- _Work order_: What you return must be exactly the lines running from the one with "Ring Buoy Bracket" to the end of the data below, inclusive, and nothing more.

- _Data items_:
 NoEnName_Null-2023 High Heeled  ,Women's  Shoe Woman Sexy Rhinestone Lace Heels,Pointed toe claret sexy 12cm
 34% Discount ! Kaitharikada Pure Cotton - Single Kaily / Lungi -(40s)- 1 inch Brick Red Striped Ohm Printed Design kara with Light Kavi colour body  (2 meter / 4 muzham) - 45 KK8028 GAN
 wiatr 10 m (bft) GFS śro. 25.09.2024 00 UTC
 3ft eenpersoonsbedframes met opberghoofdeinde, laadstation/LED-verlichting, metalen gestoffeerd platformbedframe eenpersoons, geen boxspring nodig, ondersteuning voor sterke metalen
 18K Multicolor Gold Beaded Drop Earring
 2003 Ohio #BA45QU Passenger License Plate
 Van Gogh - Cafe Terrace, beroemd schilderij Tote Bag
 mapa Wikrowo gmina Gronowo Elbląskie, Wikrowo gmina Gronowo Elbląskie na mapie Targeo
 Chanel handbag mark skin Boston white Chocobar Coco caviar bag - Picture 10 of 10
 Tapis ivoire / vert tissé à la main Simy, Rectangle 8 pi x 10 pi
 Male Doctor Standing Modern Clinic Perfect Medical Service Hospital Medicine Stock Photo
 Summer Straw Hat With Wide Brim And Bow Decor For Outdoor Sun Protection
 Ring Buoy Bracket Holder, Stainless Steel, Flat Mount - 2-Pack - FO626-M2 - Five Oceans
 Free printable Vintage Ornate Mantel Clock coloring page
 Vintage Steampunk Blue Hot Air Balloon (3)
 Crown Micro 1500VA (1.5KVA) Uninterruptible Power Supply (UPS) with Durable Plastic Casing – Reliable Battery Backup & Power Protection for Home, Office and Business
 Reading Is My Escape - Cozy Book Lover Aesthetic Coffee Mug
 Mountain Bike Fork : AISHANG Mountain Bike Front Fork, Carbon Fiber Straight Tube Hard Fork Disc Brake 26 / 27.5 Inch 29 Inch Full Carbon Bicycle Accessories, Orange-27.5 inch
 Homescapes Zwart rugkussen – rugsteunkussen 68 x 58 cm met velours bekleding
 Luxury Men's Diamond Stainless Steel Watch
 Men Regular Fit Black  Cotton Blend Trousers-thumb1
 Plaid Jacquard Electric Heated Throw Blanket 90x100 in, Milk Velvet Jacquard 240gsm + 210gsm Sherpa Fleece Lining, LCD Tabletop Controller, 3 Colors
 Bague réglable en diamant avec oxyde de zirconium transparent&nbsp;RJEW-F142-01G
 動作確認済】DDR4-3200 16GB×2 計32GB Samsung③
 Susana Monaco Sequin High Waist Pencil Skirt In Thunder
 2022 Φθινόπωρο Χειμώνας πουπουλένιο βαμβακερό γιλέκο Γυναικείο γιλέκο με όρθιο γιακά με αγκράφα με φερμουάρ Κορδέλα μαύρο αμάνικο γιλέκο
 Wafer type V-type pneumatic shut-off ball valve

- _Answer below_:
 Ring Buoy Bracket Holder, Stainless Steel, Flat Mount - 2-Pack - FO626-M2 - Five Oceans
 Free printable Vintage Ornate Mantel Clock coloring page
 Vintage Steampunk Blue Hot Air Balloon (3)
 Crown Micro 1500VA (1.5KVA) Uninterruptible Power Supply (UPS) with Durable Plastic Casing – Reliable Battery Backup & Power Protection for Home, Office and Business
 Reading Is My Escape - Cozy Book Lover Aesthetic Coffee Mug
 Mountain Bike Fork : AISHANG Mountain Bike Front Fork, Carbon Fiber Straight Tube Hard Fork Disc Brake 26 / 27.5 Inch 29 Inch Full Carbon Bicycle Accessories, Orange-27.5 inch
 Homescapes Zwart rugkussen – rugsteunkussen 68 x 58 cm met velours bekleding
 Luxury Men's Diamond Stainless Steel Watch
 Men Regular Fit Black  Cotton Blend Trousers-thumb1
 Plaid Jacquard Electric Heated Throw Blanket 90x100 in, Milk Velvet Jacquard 240gsm + 210gsm Sherpa Fleece Lining, LCD Tabletop Controller, 3 Colors
 Bague réglable en diamant avec oxyde de zirconium transparent&nbsp;RJEW-F142-01G
 動作確認済】DDR4-3200 16GB×2 計32GB Samsung③
 Susana Monaco Sequin High Waist Pencil Skirt In Thunder
 2022 Φθινόπωρο Χειμώνας πουπουλένιο βαμβακερό γιλέκο Γυναικείο γιλέκο με όρθιο γιακά με αγκράφα με φερμουάρ Κορδέλα μαύρο αμάνικο γιλέκο
 Wafer type V-type pneumatic shut-off ball valve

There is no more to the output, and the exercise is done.